Satisfeito perante o que via e internamente ensimesmado por mais um encontro com a capital da Toscana, lá vou eu, leve e fagueiro pelos renascentistas cenários. O apartamento em que nos hospedávamos ficava bem de frente para a Galeria Uffizi e a sensação de saber que tesouros ali guardados haviam-se apenas a poucos metros, do outro lado do rio, animava risos de uma alma já exultante.
Cheguei ao minimarket. Após escolher baguetes e brioches fresquinhos como a adorável manhã, algumas frutinhas do bosque, queijos e outras coisinhas oportunamente incomuns, dirigi-me à fila do caixa.
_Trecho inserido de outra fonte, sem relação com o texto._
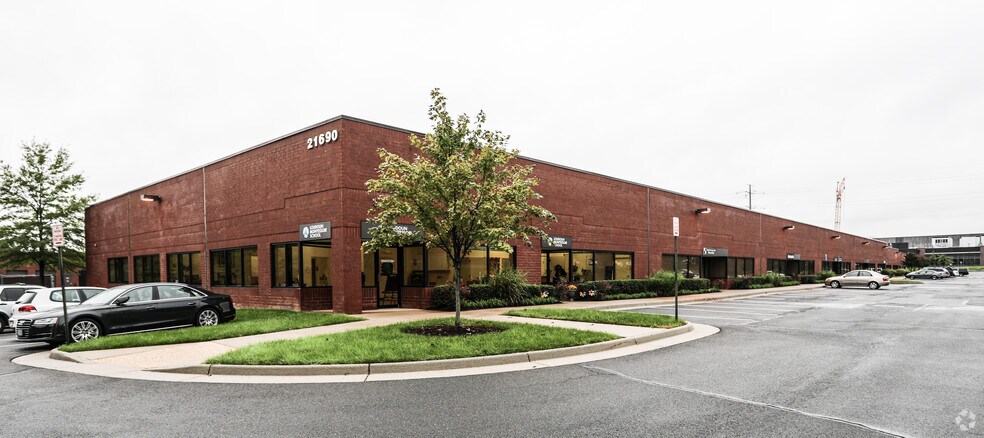 More Photos Of 21690 Red Rum Dr, Ashburn Research And Development For Lease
Uma moça serena e simpática, ágil como ali são, atendeu-me, e, ao passar as compras, perguntou-me gentilmente se eu sabia que o tablete escolhido não era manteiga, e sim fermento. Surpreso, desculpei-me constrangido, mas deixando escapar um sutil desejo de ir trocar. Ao perceber, ela interrompeu imediatamente o serviço, pediu licença aos que estavam na fila, saiu do caixa e me fez sinal para segui-la. Todos se mantiveram respeitosamente discretos diante da iminente pausa.
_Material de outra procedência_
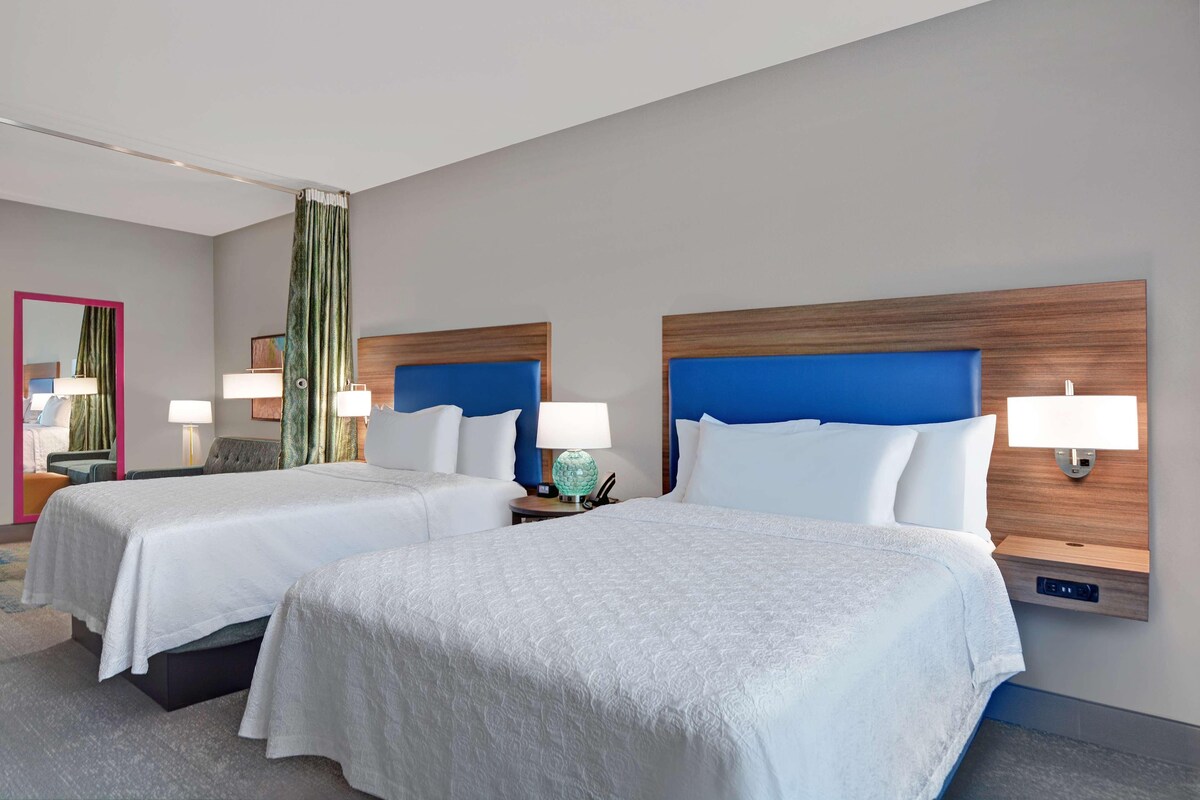 2 Queen Beds Studio Suite Nonsmoking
Lá na prateleira, ela me apontou opções de manteiga e juntos voltamos. Eu inteiramente surpreso com a sua atitude. Depois de pagar, despedi-me com um grato sorriso, reiterando-lhe a gentileza.
De volta à calçada que margeia o Arno, já bem amanhecido, a refletir as fachadas que ladeiam a Ponte Vecchio, eu respirava novamente os ares florentinos. Distante umas três ou quatro quadras do minimercado, eis que escuto alguém gritando, e uma senhora mais próxima faz sinal apontando que era para mim.
Não acreditei! A moça corria ao meu encontro com um pacote de iogurtes esquecido no caixa. Diante dela, exibi uma mistura de perplexidade e embaraçosa timidez por tamanha e espantosa delicadeza. Estávamos mesmo em uma metrópole? Cheguei a pensar que sonhava, tão visionários eram aqueles horizontes esteticamente urbanos e humanos.
Recebi os iogurtes com imensa e reconfortante gratidão, sentimento inesquecível que me acompanhou pelo resto da manhã.
De volta às ruas, após o café, comentei com meus familiares que desejava voltar àquele mercado para agradecer novamente a atenção daquela moça, desta vez com uma flor, ao lado de um sorriso.
Todos concordaram e foi o que fizemos. Passamos numa floricultura, compramos uma bela e túrgida rosa vermelha, e fomos encontrá-la. Pela hora, certamente ainda estaria em seu turno.
Pedindo escusada licença às pessoas da fila, eis-me diante dela com riso e flor. A suave surpresa que emanou de seu rosto, idem ridente, era mais bonita do que a rosa.
Numa cortês reverência, desabrochei-lhe a frase: “O mundo precisa de mais pessoas como você”. O restante ficou na rosa em sua mão. Inesquecível como a moça e o seu admirado sorriso.
A bem da verdade, o admirado ali era eu. Afinal, era Florença.